▸ WORK REQUIRED: Pictures excluded, reproduce exactly the lines below from the one with "Russias Volcano blankets" through the one with "Opalite Necklace, October", both included.

▸ MATERIAL SUPPLIED:
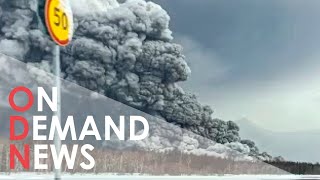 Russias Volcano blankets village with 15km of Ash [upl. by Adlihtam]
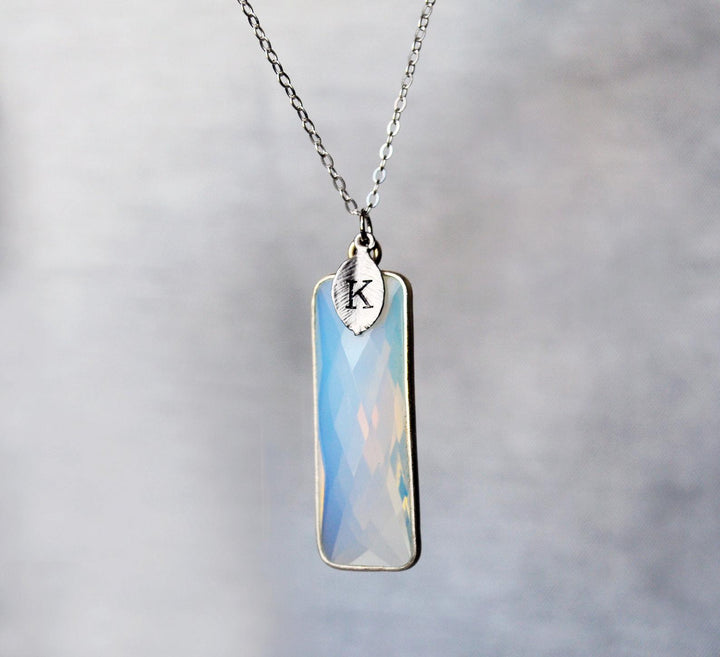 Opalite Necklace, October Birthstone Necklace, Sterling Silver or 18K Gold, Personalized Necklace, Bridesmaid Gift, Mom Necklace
* * *
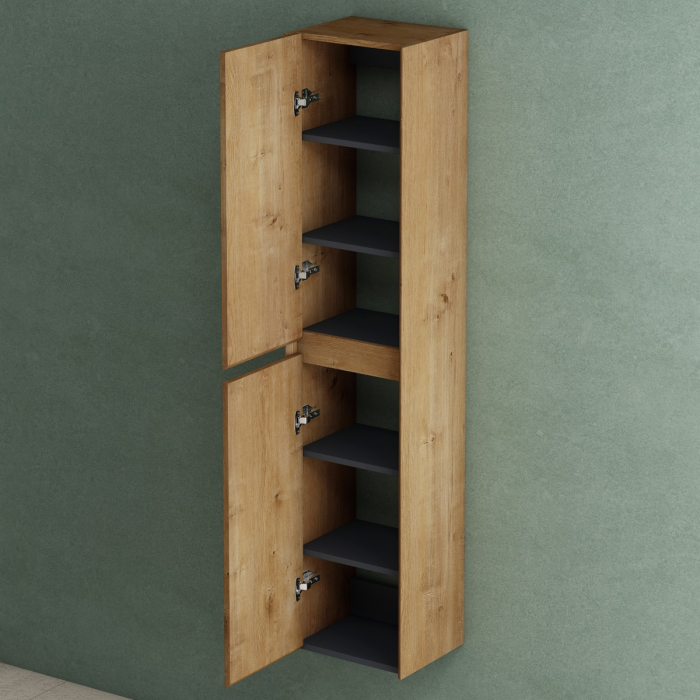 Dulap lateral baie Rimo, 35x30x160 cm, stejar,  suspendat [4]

▸ FINISHED EXERCISE:
 Russias Volcano blankets village with 15km of Ash [upl. by Adlihtam]
 Opalite Necklace, October Birthstone Necklace, Sterling Silver or 18K Gold, Personalized Necklace, Bridesmaid Gift, Mom Necklace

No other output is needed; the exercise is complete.